Nawa For Nigeria

 

By Sunny Awhefeada

We grew up cherishing the Pidgin English. Growing up in Evwreni and coming to maturation in Ughelli, the Pidgin English was our linguistic staple. The proximity of both settings to Warri made them a forte for pidgin to thrive. And we enjoyed the undiluted form of it. Since my earliest years were in Kaduna and Ibadan, I didn’t encounter the Pidgin English early enough like my later playmates in Evwreni and Ughelli.

 

But once I encountered the language I embraced it body, spirit and soul. While many of my friends at the University of Ibadan cherished my speaking pidgin and would buy me drinks just to hear me speak, my folks down South do not consider my pidgin strong enough. The reason for this is my not too early encounter with the language. Pidgin has a fluid and musical rhythm and it is not bound by syntactic rules. Whatever was against the grain of good English passed for pidgin. It is protean because it is facilitated by a creative and innovative impulse. That the Niger Delta is home to many different languages made the pidgin an easily acceptable means of communication among the people.

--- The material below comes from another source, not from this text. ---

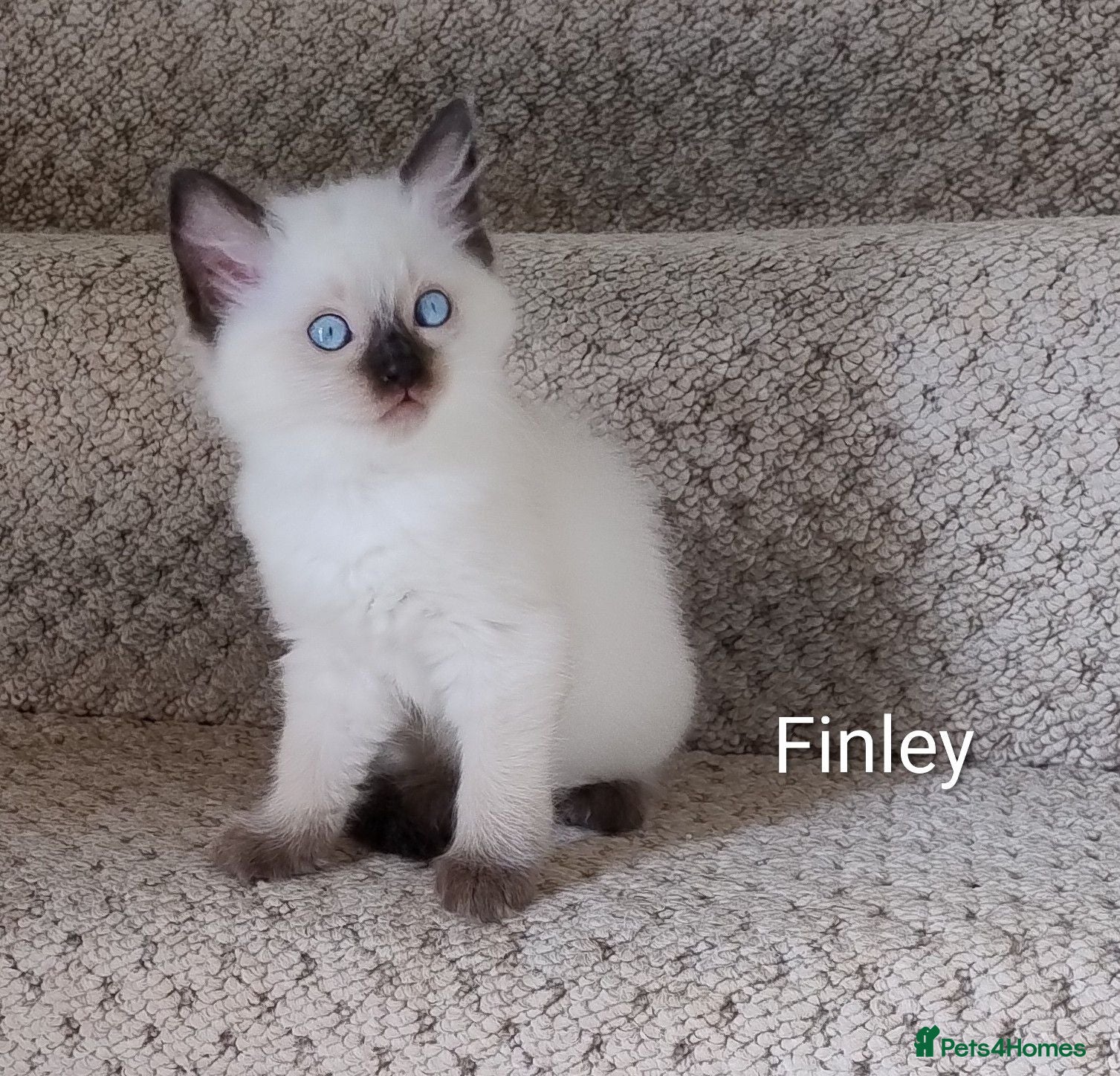 Ragdoll cats Pure bred Ragdolls need loving homes - Advert 1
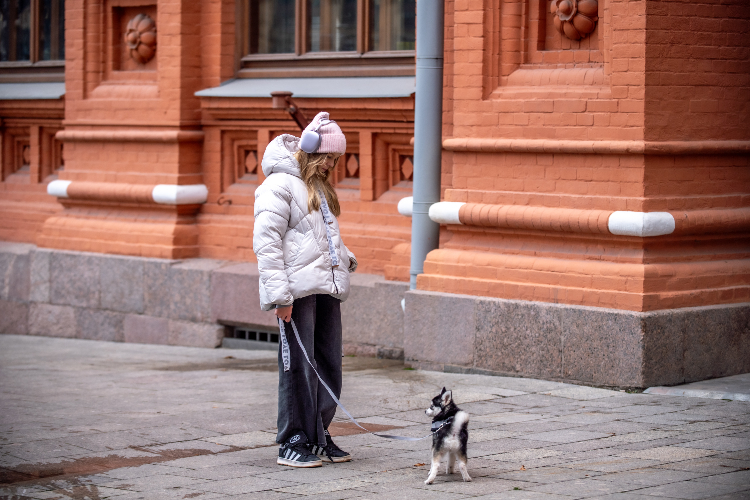 Декабрь без снега: Москва встречает календарную зиму в режиме «плюс»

We cherished pidgin, but some of our parents, our teachers and our ajebota friends loathed it. It was at a time considered derogatory and one was sanctioned for speaking it in school. It was for this that the defiance of the language came to the fore. The more it was banned in primary and secondary schools the more the language thrived. Its propensity for humour, ease of rendition and apprehension endeared it to us. Pidgin did not die. It survived and it is flourishing. Today, besides it being the vehicle of stand-up comedy in Nigeria, it has become a significant field of academic engagement in Linguistics. The Nigerian Pidgin English is what is now codified as Naija. In recent times, seminars, workshops and conferences have been held to validate Pidgin English in Nigeria. The University of Ibadan based French Research Institute in Africa (IFRA) has been on this and it is still on it. As I write, pidgin no longer has class or boundary. Everybody speaks it: professors and prophets, teachers and touts, bankers and bakers, police and pastors, lawyers and landlords, everybody now speaks Naija.

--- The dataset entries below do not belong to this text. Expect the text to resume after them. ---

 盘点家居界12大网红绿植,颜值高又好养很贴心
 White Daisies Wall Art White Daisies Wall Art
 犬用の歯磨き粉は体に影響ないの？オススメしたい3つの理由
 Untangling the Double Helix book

The Nawa in the title of the present piece is one of the commonest lexical items in pidgin used to express exasperation, surprise or in response to an oddity. It is the most commonly used word in Nigeria today. A few days ago, I was at a public function attended by people from different social classes. The multiple discussions that ensued were on Nigeria at 59 and her many troubles. A friend had to draw my attention to the frequency with which the word “nawa” was used. For a second I deliberately primed my ears to hear the word and it came in torrents. Everybody had reasons to use the word. Nawa for this country ooo , Nawa for Nigeria, Nawa for our leaders, Nawa for una Nawa for you , Nawa for Lagos, Nawa for this yahoo boys, Nawa for Nigeria Policemen , Nawa for this Boko Haram Nawa for our roads , Nawa for Ngige , Nawa for Buratai he wan use prayer fight Boko Haram . A friendly lady chipped in amrisomething , a compound word derived from amre in Urhobo meaning “we saw” and the English word “something” and everybody laughed. The coinage amrisomething is Urhobo humorous rendition of “there is nothing we haven’t seen”. Yes, laughter has become our elixir and antidote against despair.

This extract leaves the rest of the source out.